Interestingly, the newly successful businessman had not forgotten his ideals nor his religious commitments. For an entire year, while the congregation looked for a permanent preacher, Cyrus Eaton led the congregation of Lakeview Baptist Church, and did so very creditably it was said. In 1907, he married Edna House, daughter of a distinguished Cleveland lawyer and Judge, and granddaughter of a genuine Civil War hero who was present at the capture and surrender of Robert E. Lee. In 19?? they began a family. Eventually, he took American citizenship and seemed to have melted completely into the American way of life, concentrating on his family, business affairs and church.

By 1912 , using profits from his first operation and investment finances attracted to him by his dynamic leadership, he had expanded his interests in utilities to include a multitude of holdings in several Canadian provinces and northwestern American states. But for him this was only the beginning. He believed that based on the power and importance of the Great Lakes region as a source of raw materials, as a transportation hub, and as a center of the country's industrial and manufacturing capability, cities such as Cleveland, Ohio , and Chicago, Illinois , could also soon challenge eastern preeminence in the financial services sector. He believed he had experienced how the dominance of Wall Street often frustrated local and regional ambitions. Decentralizing the control of the sources of investment would better serve the growth of regions. Therefore, in 1921 , mounting his own bid for more regional control of investment capital, he purchased a partnership in Otis and Co., an established securities and investment banking firm with headquarters in Cleveland, and branches across the country. This company would be the center of his financial life for over thirty years, and it would provide a base for his ambitions to consolidate a portfolio of regionally integrated industrial and financial holdings that would rival the largest in the United States.

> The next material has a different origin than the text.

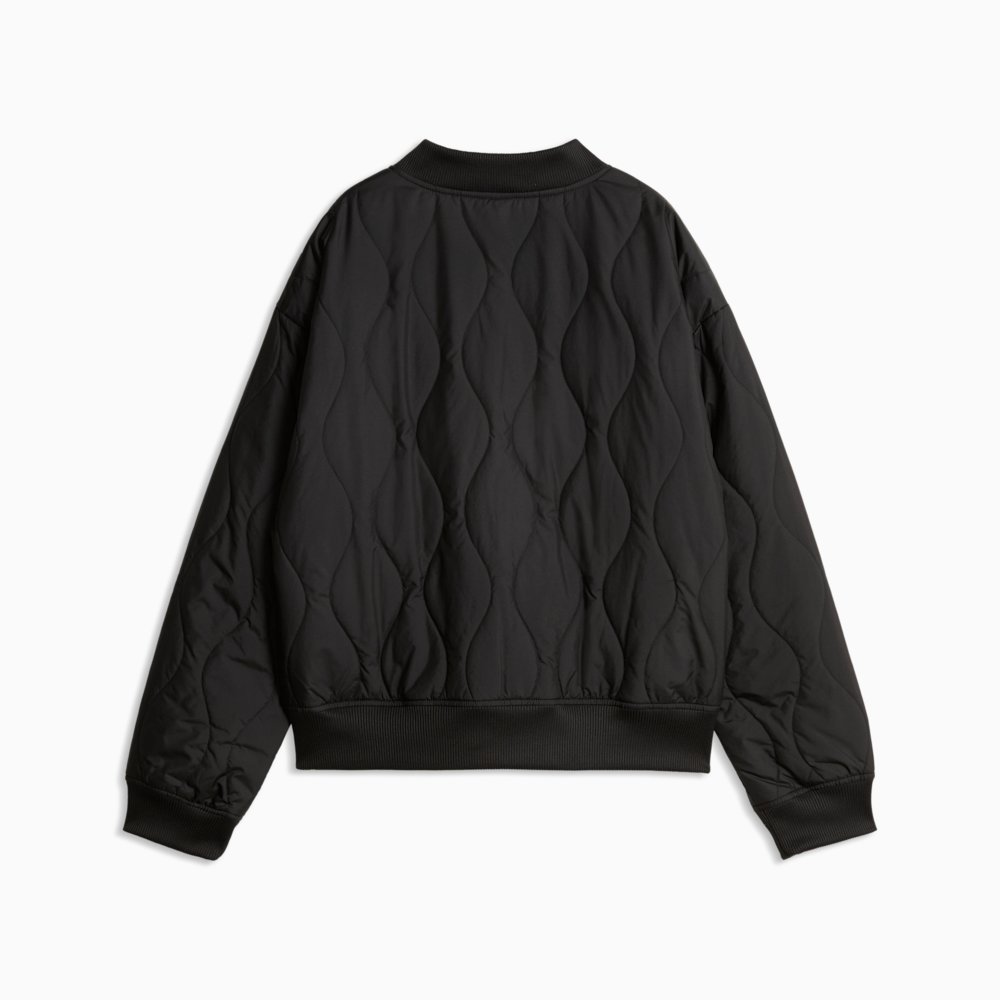Куртка жіноча PUMA Satin Bomber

Eaton went a long way toward realizing his ambitions, for by approximately 1927 , through a holding company he and a group of other investors formed in 1921 called Continental Shares , he held, along with a major position in the large utility-traction conglomerate United Light And Power , dominant stock market positions in a number of industries related to the flourishing automobile industry. Sherwin Williams Paint , the major American supplier of auto coatings, and Goodyear and Firestone , among the world's largest tire manufacturers, both located in Ohio, were virtually under the control of his syndicate of investors. By 1928 he had begun to carry out the final stage in a campaign to become a dominant player in each important segment, including energy, of the chain of supply for the auto industry. The final target was steel. Specifically, he was interested in the light steel used, among other things, in auto manufacture. His plans led to a series of rapid purchases and mergers of small and medium sized steel companies that would culminate in the founding of Republic Steel , a company that would eventually prove a worthy rival of the largest in the country.

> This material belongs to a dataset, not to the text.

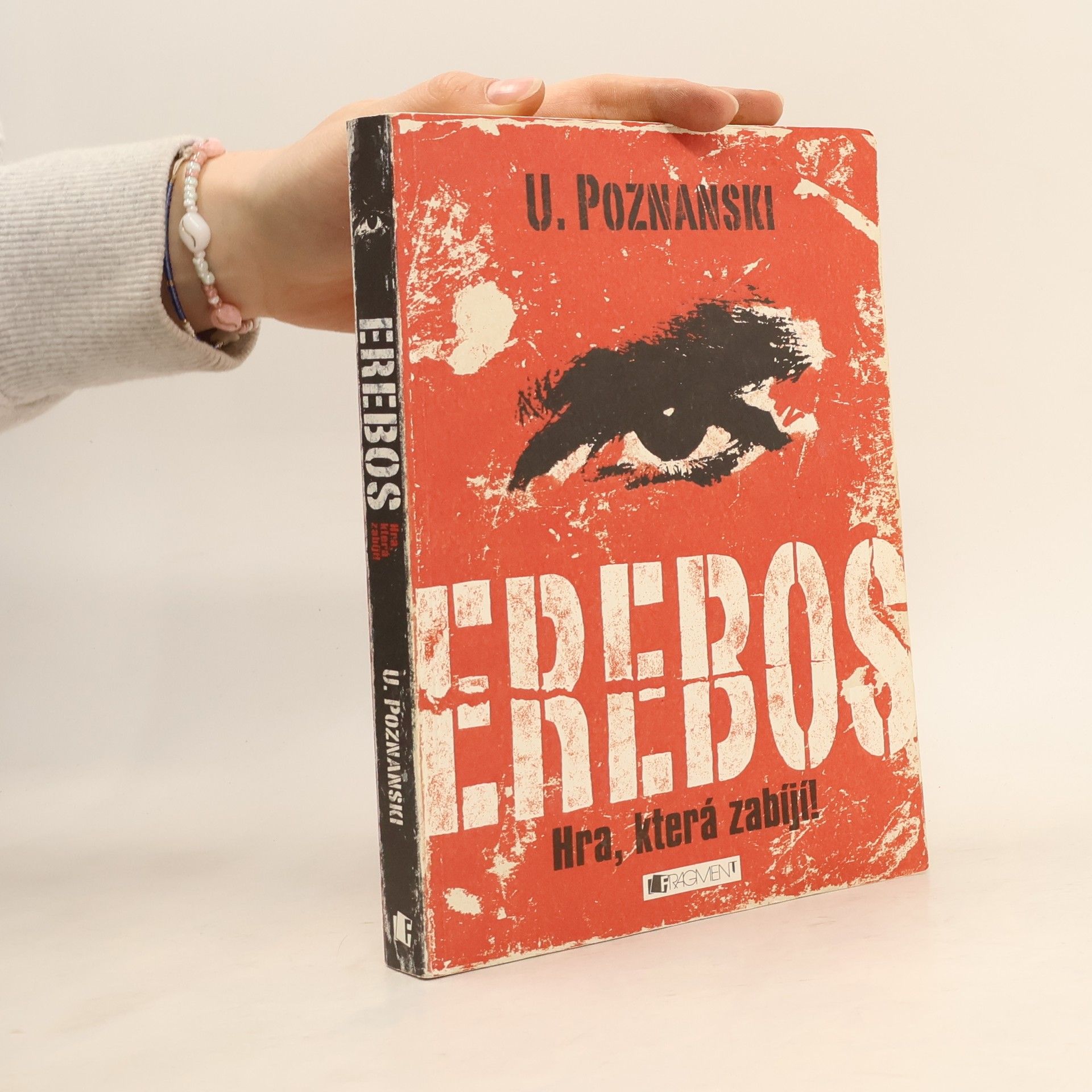 Ursula Poznanski Erebos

The Stock Market Crash of the 1930s caused Eaton a major, though temporary, setback, and the conditions that prevailed during the slow recovery of his and America's fortunes forced him to scale back his financial and industrial ambitions permanently. As well, it was during this period of the late 20's and early 30's that Eaton first gained a broad and well deserved reputation in the English speaking world for financial daring and for controversial decision making. In later years he would skillfully turn this reputation from celebrity to notoriety, and use it to assist him in focusing public attention on important issues, such as détente with Russia, nuclear disarmament and the dangers inherent in American militarism. Not for nothing had he studied philosophy and cultivated the classics, and at various times in his later life he strode confidently into alien arenas of public debate where he displayed courage, conviction, knowledge of important issues and talents for leadership, on an impressive scale.

Eaton's many financial interests included organizing the mergers that formed Republic Steel Corporation and the Chessie System . He assumed the helm of the Chesapeake And Ohio Railway (C&O) in the mid-1950s when his colleague Robert Ralph Young of the Alleghany Corporation had to step down from the C&O to make a bid for the New York Central Railroad . Once the C&O had obtained control of the Baltimore & Ohio , and the Chessie System had been created, he largely retired to take care of his philanthropic interests.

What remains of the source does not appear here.